Since then, Cosby reaffirmed in a subsequent interview that the district had no data available related to how many of its classroom trailers were used for special-needs classrooms.
But in January of this year, responding to a separate Freedom of Information Act request, this one by former School Board member Carol A.O. Wolf, the district was able to provide full accounting of all of its trailers, as well as what kind of classes each of those trailers was used for. A disproportionately high number — at least nine of a total of 35 trailers in use — are used to house special-needs students exclusively.
Nearly all of the district’s classroom trailers house elementary students, and six of those are used for early childhood education classes.
Though both Chesterfield and Henrico have more trailers than Richmond overall, neither relies so heavily on classroom trailers for students with special needs, many of whom have mobility or cognitive issues that make evacuating a class under emergency conditions more complex than it would be with other students.
According to Richmond schools officials, some of its classroom trailers are more than 20 years old. During a School Board meeting earlier this year, 2nd District School Board member Kimberly Gray suggested that the district should do away with its classroom trailers, basing her suggestion primarily on the district’s declining number of students; she cited the school system’s redistricting process and its proposed closure of four elementary schools due to low enrollment. Schools administration officials told Gray that closing the trailers would be impossible, noting among their reasons that some of those structures were so old they would not survive transport.

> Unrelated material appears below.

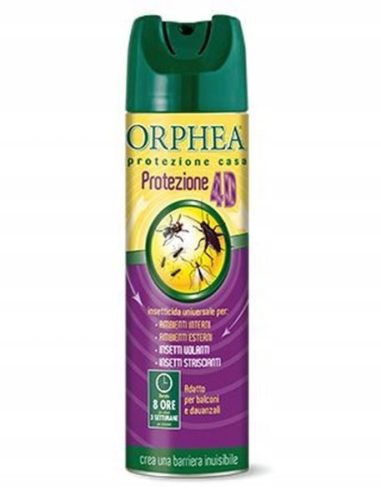 Insektenschutzmittel Sprühgerät, Aerosol gegen Kakerlaken, Zecken, Ameisen, Wanzen, Silberfischchen Orphea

Meanwhile, the district’s tornado-evacuation provisions, provided to Richmond magazine by the district, provide minimal details for evacuating students from trailers, saying that during tornado warnings, schools are to “implement evacuation from outside portable buildings to a sheltered position inside the school.”
Cosby said the district’s more detailed plans rely on circumstances. “Really, it depends on the emergency,” she said. “For a tornado, it is encouraged if we have enough warning that we bring students into the main building, but for something like an earthquake, the recommendation is that kids hunker down in the trailer.”
The state conducts an annual, statewide tornado drill for all schools in March, but Cosby told Richmond magazine in September that more than a dozen of its schools had conducted drills “within the month.”
And if the emergency doesn’t afford time to evacuate the trailers for the safety of the stronger structure?
“If there’s not enough warning, the protocol is you have to have your backs against the walls, stay away from windows if possible,” Cosby said.
The district’s plan makes no provisions specific to evacuating students with disabilities who are housed in trailers.